One more little thing. I put aside the August 19, 2014 issue of the Wichita Eagle because I was struck by the following small items on page 3A:

Man sentenced to more than 7 years in prison . . . Scott Reinke, 43, was given 86 months in prison for a series of crimes including burglary, theft, possession of stolen property, making false information and fleeing or attempting to elude law enforcement. . . . In tacking on the additional time last Friday, [Judge Warren] Wilhelm noted Reineke had a criminal history of more than 50 felony convictions.

Kechi man gets nearly 10 years for child porn . . . Jaime Menchaca, 34, of Kechi pleaded guilty to one count of distributing child pornography and was sentenced to 110 months in prison. . . . In his plea, Menchaca admitted that on Sept. 13 he sent an e-mail containing child pornography to a Missouri man.

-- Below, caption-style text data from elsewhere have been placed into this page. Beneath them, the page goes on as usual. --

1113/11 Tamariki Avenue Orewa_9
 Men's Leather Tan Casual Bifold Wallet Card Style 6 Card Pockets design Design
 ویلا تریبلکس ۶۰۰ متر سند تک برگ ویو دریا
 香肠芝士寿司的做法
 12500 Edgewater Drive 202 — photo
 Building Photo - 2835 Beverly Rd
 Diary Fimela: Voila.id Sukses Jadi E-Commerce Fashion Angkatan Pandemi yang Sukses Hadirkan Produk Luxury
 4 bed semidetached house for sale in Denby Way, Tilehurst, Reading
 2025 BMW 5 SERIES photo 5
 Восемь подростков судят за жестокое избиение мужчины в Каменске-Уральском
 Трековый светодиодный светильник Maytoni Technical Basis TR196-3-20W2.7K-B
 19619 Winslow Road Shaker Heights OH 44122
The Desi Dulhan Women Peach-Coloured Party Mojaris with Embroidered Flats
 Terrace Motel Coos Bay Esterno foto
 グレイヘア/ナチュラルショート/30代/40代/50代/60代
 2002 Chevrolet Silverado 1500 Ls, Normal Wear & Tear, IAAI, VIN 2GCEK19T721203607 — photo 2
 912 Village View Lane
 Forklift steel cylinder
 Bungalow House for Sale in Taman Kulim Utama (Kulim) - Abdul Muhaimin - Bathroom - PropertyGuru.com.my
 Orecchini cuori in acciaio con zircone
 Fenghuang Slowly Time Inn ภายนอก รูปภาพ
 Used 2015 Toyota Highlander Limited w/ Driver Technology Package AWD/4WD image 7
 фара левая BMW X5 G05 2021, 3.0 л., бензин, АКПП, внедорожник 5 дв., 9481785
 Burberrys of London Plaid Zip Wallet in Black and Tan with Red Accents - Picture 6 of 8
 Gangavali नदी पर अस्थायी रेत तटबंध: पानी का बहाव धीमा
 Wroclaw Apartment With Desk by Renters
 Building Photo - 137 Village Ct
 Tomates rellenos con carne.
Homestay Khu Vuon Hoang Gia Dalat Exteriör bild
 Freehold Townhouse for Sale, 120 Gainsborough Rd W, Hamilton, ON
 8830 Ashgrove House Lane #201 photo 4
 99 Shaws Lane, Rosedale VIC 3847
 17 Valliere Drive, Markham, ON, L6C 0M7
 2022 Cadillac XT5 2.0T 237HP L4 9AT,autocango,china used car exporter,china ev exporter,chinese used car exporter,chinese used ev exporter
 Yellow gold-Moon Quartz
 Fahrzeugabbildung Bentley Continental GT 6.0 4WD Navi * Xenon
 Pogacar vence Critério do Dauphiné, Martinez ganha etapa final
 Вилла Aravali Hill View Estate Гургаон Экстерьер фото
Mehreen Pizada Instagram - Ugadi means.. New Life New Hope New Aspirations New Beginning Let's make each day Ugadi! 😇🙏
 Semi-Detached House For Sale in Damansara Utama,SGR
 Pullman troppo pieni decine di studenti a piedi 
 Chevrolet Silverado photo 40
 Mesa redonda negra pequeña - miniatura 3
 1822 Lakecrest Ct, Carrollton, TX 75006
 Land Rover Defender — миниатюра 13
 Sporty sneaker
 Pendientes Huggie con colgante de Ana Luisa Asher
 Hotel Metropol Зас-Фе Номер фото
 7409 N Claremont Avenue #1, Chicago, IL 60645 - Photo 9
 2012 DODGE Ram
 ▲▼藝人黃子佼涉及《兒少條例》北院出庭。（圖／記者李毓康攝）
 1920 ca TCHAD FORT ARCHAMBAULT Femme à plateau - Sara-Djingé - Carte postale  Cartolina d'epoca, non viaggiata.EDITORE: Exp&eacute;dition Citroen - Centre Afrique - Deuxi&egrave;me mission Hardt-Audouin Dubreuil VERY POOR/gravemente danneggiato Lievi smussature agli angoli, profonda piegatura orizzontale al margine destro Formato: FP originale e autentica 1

There's also another piece on page 5A:

Sex offender pleads guilty to child porn . . . Dewey had a 1999 conviction in Pueblo, Colorado, for attempted sexual assault of a child. He admitted in court Monday that he was found last September with images and videos of child pornography that he obtained via the Internet.

Prosecutors and the defense have agreed to recommend a 20-year prison term when Dewey is sentenced on Nov. 4.

This struck me as an example of something profoundly skewed in our criminal justice system. I won't argue that child pornography is a victimless crime (although what constitutes pornography can be very subjective), but possession of a single image strikes me as a much more marginal offense than repeated instances of property theft. (I don't think I even noticed the last case until I went back to look for the first two; it's harder to judge.) Glad the burglar/thief is going to jail, but wonder if it wouldn't make more sense for the child porn defendant to spend some time with a shrink, and maybe pay a nominal fine.

Also on the front page of the Eagle is an article called "Kan. GOP lawmakers vow to look out for oil interests": Senator Roberts, Reps. Huelskamp, Pompeo, and Jenkins prostate themselves at a Kansas Independent Oil & Gas Association confab. They all agreed they wanted lower taxes and less regulation. Nobody said much about the recent tenfold increase in earthquakes.